In a recently-released report, US port authorities identified more than $20 billion in projected multimodal port and rail access needs over the next decade, while one-third cited pressing rail project needs costing at least $50 million for each of their ports. Sixty-seven percent said that funding and financing options are the biggest obstacles in getting essential rail projects started to access their facilities.  Furthermore, 37 percent said that problematic at-grade rail crossings or height-restricted overpasses and tunnels near their ports are constraining cargo-handling capacity while 36 percent reported that land acquisition is a big problem in developing and planning port rail access projects.

These are the top-line results from an American Association of Port Authorities (AAPA) survey, titled The State of Freight III.  This is the third report in as many years conducted by AAPA that focuses on the needs of ports to effectively move goods into and out of their facilities by land and water.

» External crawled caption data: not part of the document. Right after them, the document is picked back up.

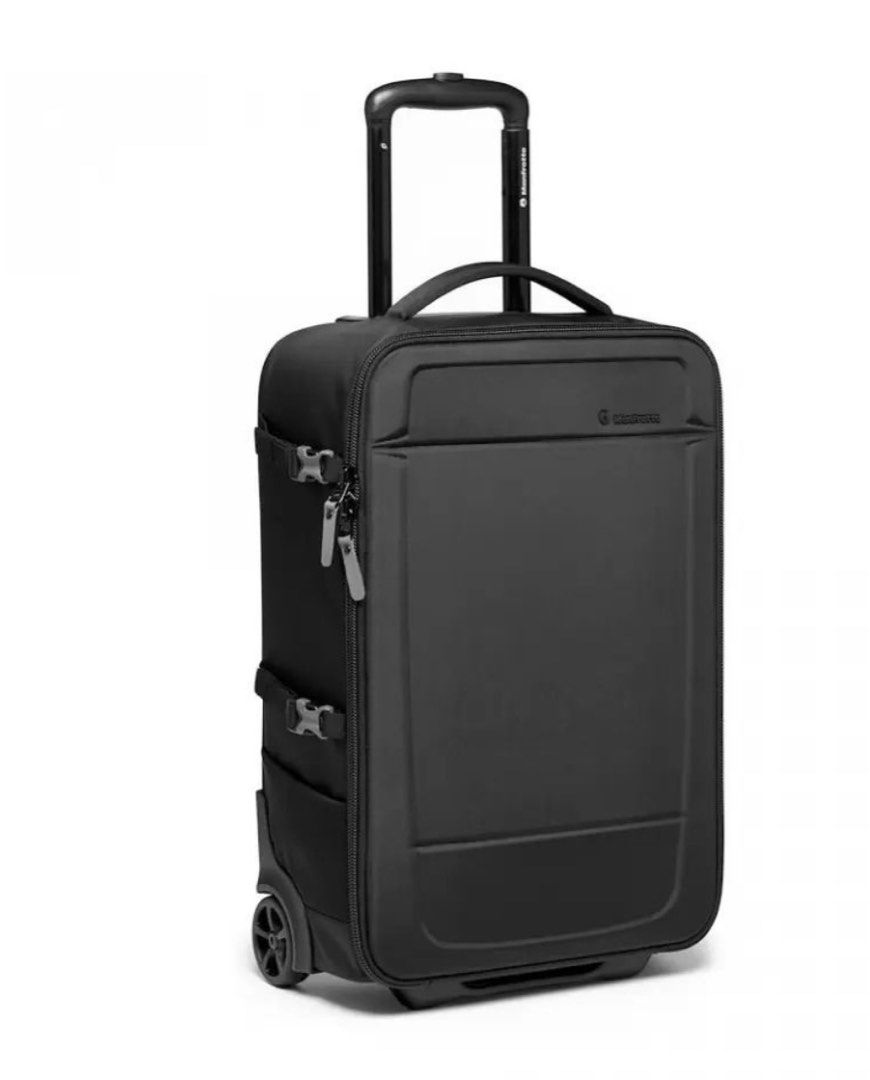 Manfrotto Advance Rolling Camera Bag iii, Photography, Photography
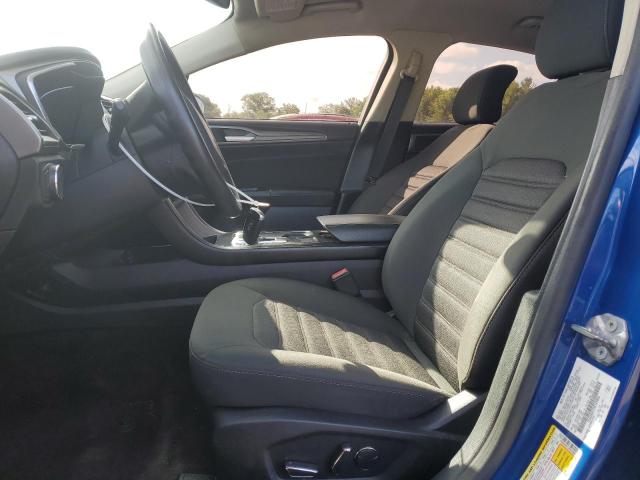 Photo 7 from auction – 2017 FORD FUSION SE with VIN 3FA6P0H72HR369886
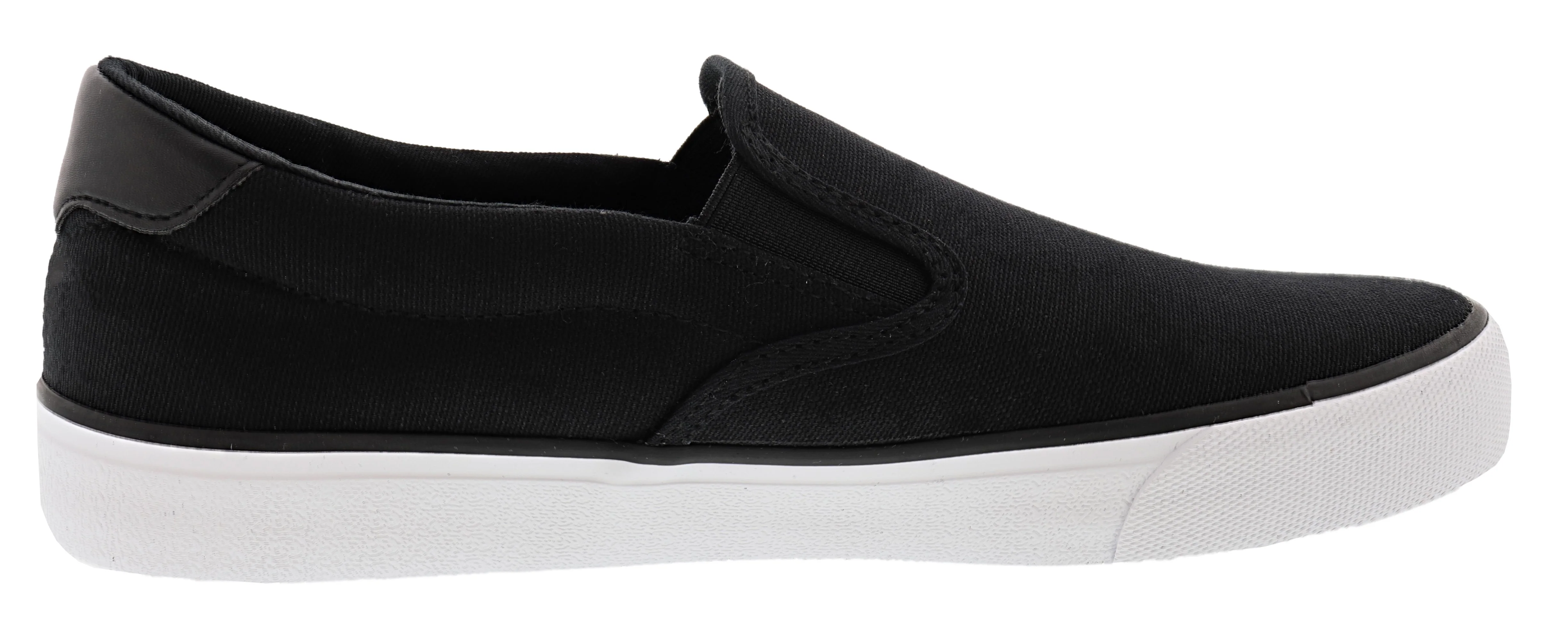Lugz Clipper Comfortable And Lightweight Slip On Sneakers Men - Image 14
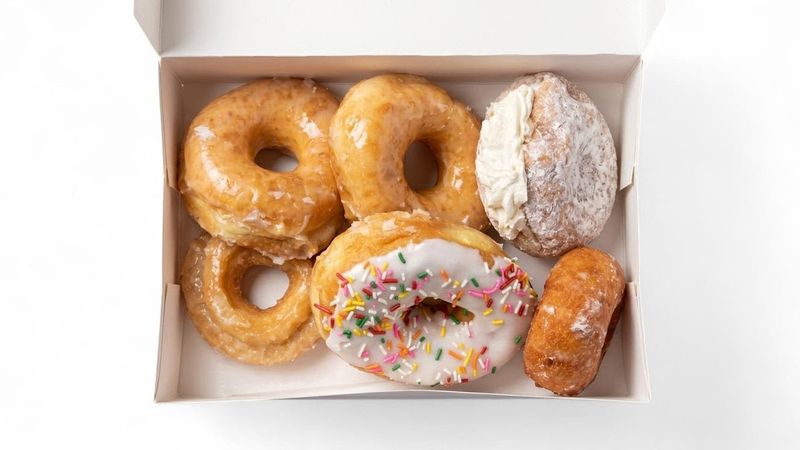 Fresh Batches Give Regulars a Reason to Time Their Visit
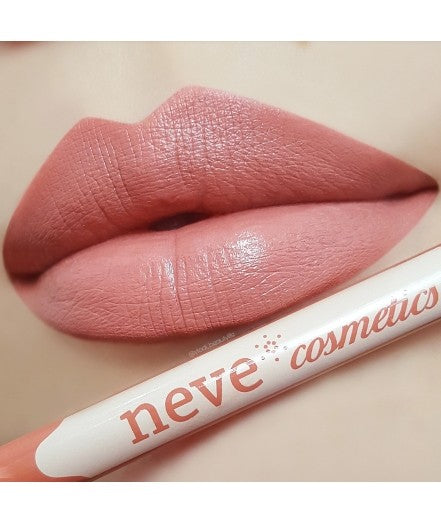 Light Nude Lip Pencil - Honey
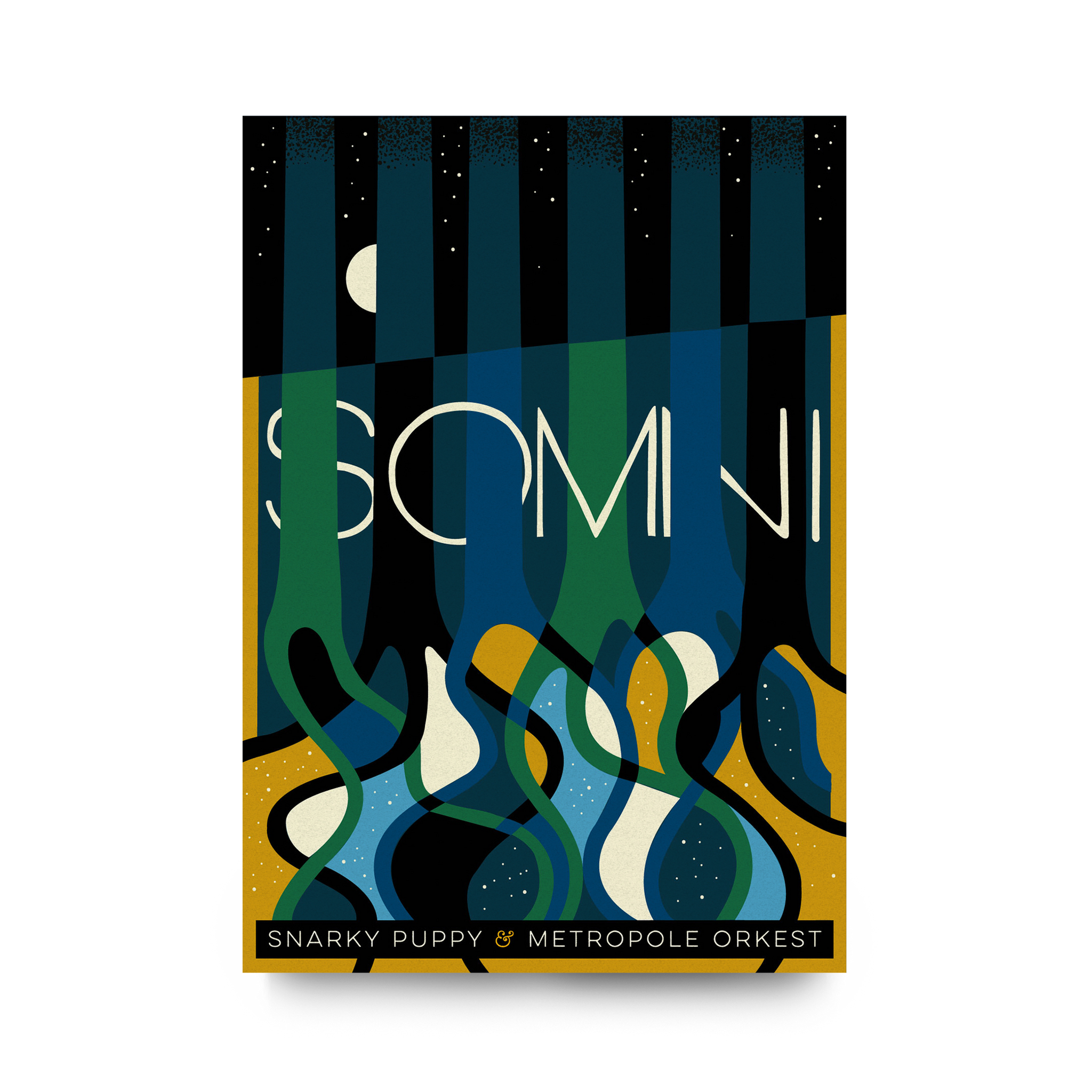 Somni Poster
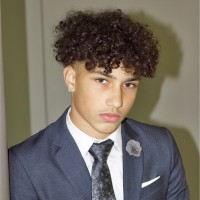 Adrian Thornton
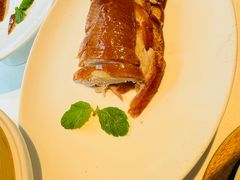 -四季民福烤鸭店(故宫店)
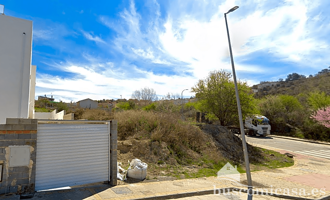 Terreno en venta en Jun de 1080 m2 photo 0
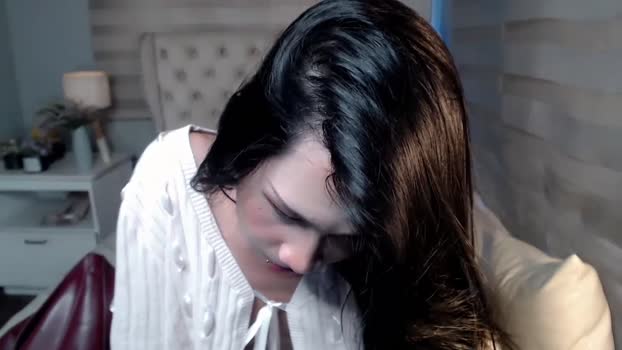 naughty_ashleyxx beauty Webcam SHOW @ Chaturbate 15-12-2025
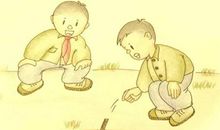 留在心底的记忆_600字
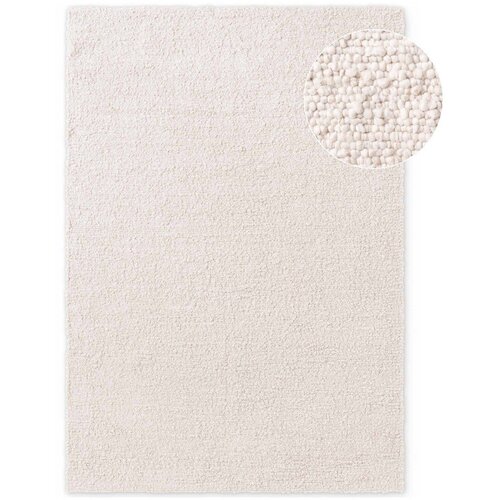 Ted Baker Slonoko&scaron;čena ročno tkana boucl&eacute; preproga 120x170 cm Notting Hill Portobello &ndash; Cene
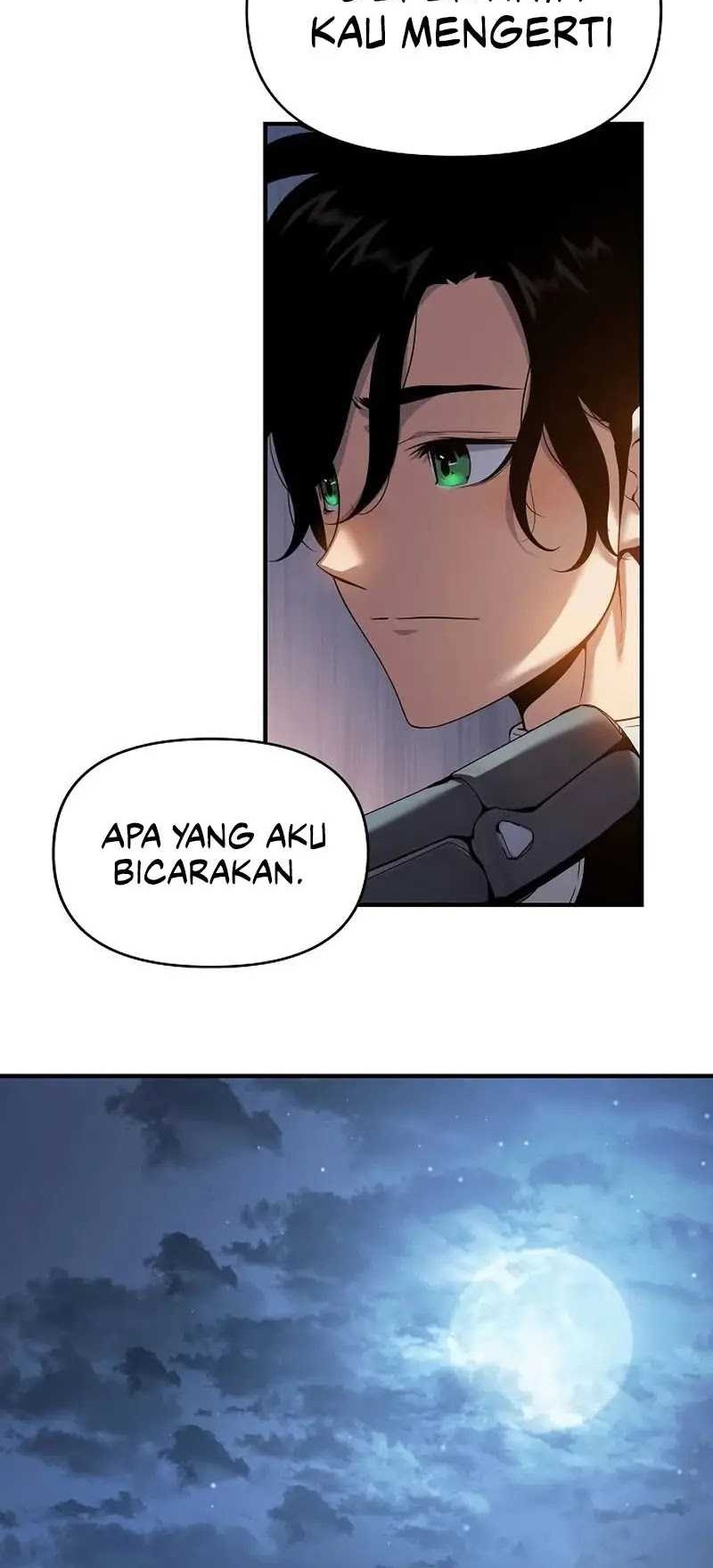 The Priest of Corruption Chapter 46 - halaman 45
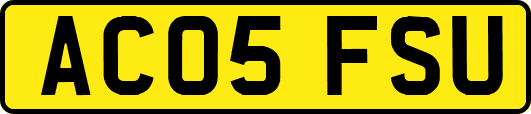 AC05FSU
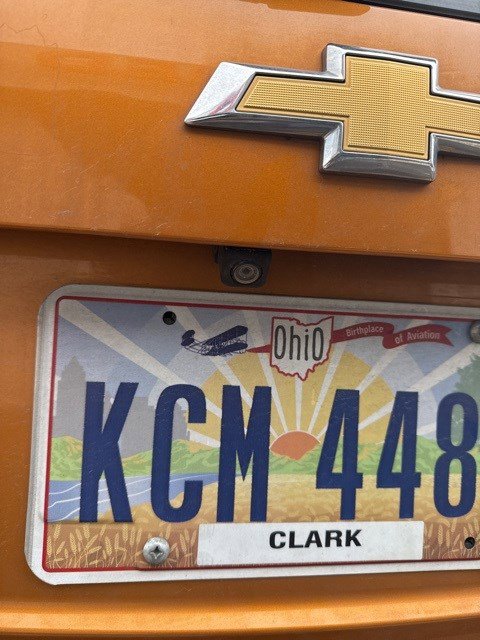 Used 2020 Chevrolet Spark LT image 19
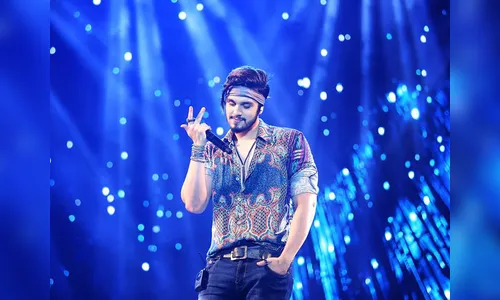 Prefeitura irá celebrar 58º aniversário de Ivaiporã com show do cantor Luan Santana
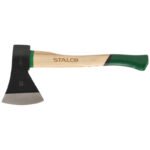 Axe 1000g Wooden Handle STALCO S012332100 - Image 3
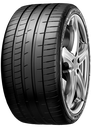 245/35R20 95Y GOODYEAR EAGLE F1 SUPERSPORT SXLFP LTS|EVR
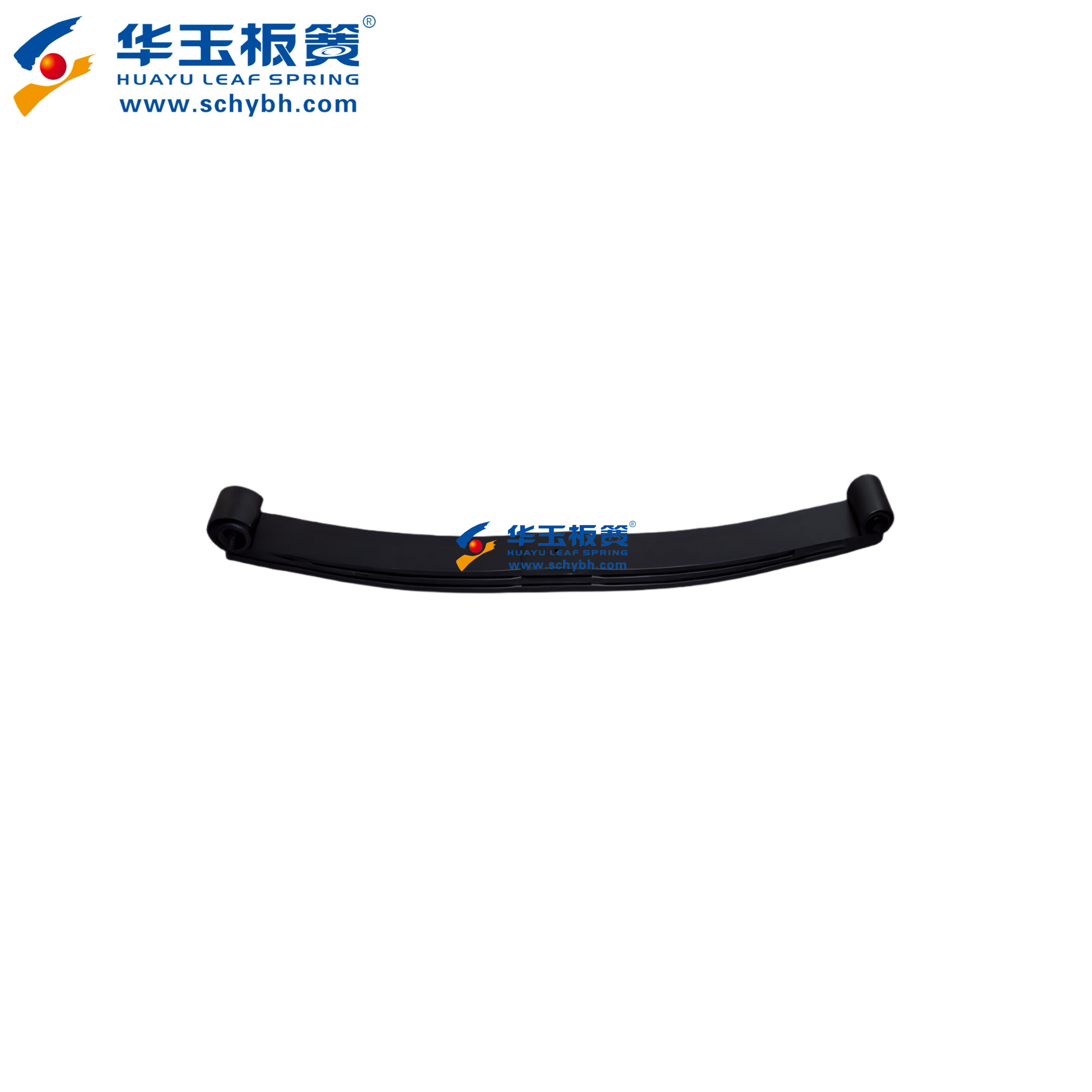 257863 Rear Leaf Springs for for VOLVO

“In State of Freight III, we take a deep-dive into the freight transportation needs of our US member port authorities, with an emphasis on rail access,” said AAPA President and CEO Kurt Nagle. “The findings show that while the FAST (Fixing America’s Surface Transportation) Act has been essential in providing the building blocks for a national freight program, more must be done to ensure that multimodal goods movement projects have adequate resources to produce efficient and timely results. These transportation projects are crucial to address our nation’s increasing freight volumes and enhance America’s international competitiveness.”

Seaports, the report noted, “rely on a host of transportation modes and nodes, including roads, rails, waterways, tunnels and overpasses, to move large volumes of cargo, which may be headed to, or originating from, manufacturing, distribution, assembly and processing centers that support economic growth and millions of US jobs.

“Our nation’s ports have identified a vast array of projects which are ready for investment and could move forward if the issues in this report could be addressed,” said Nagle. “It’s important that steps be taken to resolve the barriers identified in this report that are preventing these projects from progressing.”